What if J. Pierpont Morgan got Teddy Roosevelt pregnant? What if Commodore Vanderbilt and Andrew Carnegie were adventursome unicorns? Then Wall Street Journal readers could enjoy thematic fan fiction every bit as pedestrian as the fan-written works already receiving the Journal’s attention.
The success of Fifty Shades of Grey has been paralleled by endless articles about its fan-fic roots. These typically dwell on Kirk and Spock being amorous and Harry Potter’s remarkable lack of chastity, and end with the traditional question: why aren’t these writers being sued?

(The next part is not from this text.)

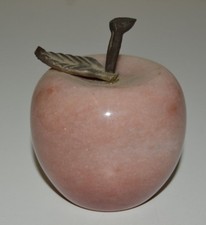 Nice Vintage Red TEACHER'S Marble & Metal Heavy Paperweight Rare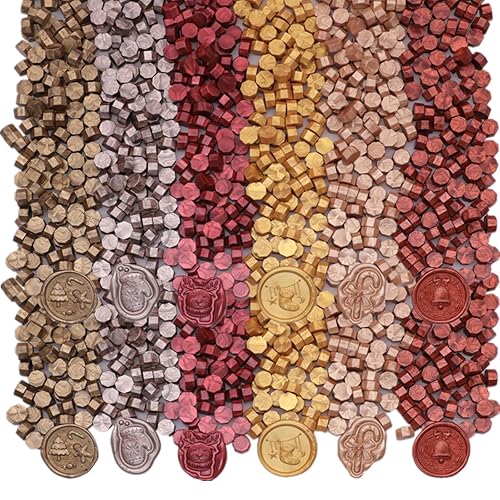 Miniatura 9 de 600 cuentas de sello de cera dorada, cuentas de cera de sellado rojo metálico para sello de cera, juego de cuentas de sello de cera de oro antiguo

The Wall Street Journal only departs from the usual pattern because Orson Scott Card tells them he is about to do something completely unexpected:
After spending years fending off fan fiction, and occasionally sending out “cease and desist” letters through his lawyer to block potential copyright violations, science-fiction novelist Orson Scott Card has started courting fan writers. Mr. Card, author of the best-selling “Ender’s Game” series, is planning to host a contest for “Ender’s Game” fan fiction this fall. Fans will be able to submit their work to his Web site. The winning stories will be published as an anthology that will become part of the official “canon” of the “Ender’s Game” series.
“Every piece of fan fiction is an ad for my book,” Mr. Card says. “What kind of idiot would I be to want that to disappear?”